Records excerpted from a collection
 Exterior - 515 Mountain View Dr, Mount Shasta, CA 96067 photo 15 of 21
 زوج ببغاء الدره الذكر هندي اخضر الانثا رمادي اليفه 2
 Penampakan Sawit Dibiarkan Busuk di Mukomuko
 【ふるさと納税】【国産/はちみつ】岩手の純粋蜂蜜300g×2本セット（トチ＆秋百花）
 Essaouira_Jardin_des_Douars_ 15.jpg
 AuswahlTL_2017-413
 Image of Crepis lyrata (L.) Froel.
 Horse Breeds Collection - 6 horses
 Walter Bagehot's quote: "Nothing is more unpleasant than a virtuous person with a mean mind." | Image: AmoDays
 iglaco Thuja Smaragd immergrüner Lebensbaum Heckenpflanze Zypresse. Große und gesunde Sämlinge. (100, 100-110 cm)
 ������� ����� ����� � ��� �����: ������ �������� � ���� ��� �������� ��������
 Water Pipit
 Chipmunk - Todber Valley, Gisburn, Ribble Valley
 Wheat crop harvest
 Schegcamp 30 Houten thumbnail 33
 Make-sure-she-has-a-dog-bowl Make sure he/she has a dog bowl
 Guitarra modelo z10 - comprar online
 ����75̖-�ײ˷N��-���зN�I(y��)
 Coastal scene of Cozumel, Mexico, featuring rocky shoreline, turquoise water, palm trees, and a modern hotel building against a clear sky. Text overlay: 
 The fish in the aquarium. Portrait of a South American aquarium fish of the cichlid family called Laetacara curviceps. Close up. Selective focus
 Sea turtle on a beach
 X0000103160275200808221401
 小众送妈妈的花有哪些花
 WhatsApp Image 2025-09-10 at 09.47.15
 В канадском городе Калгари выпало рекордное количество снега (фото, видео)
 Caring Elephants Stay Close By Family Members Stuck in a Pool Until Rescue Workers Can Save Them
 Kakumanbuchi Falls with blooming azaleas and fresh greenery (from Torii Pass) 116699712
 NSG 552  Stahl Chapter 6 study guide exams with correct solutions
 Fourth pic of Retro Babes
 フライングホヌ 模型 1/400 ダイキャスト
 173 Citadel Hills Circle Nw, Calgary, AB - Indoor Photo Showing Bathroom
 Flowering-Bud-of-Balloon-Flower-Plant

→ **TASK TO CARRY OUT**: Every line of the data that holds "with" should be counted, and only the total given.

→ **YOUR RESPONSE**: 3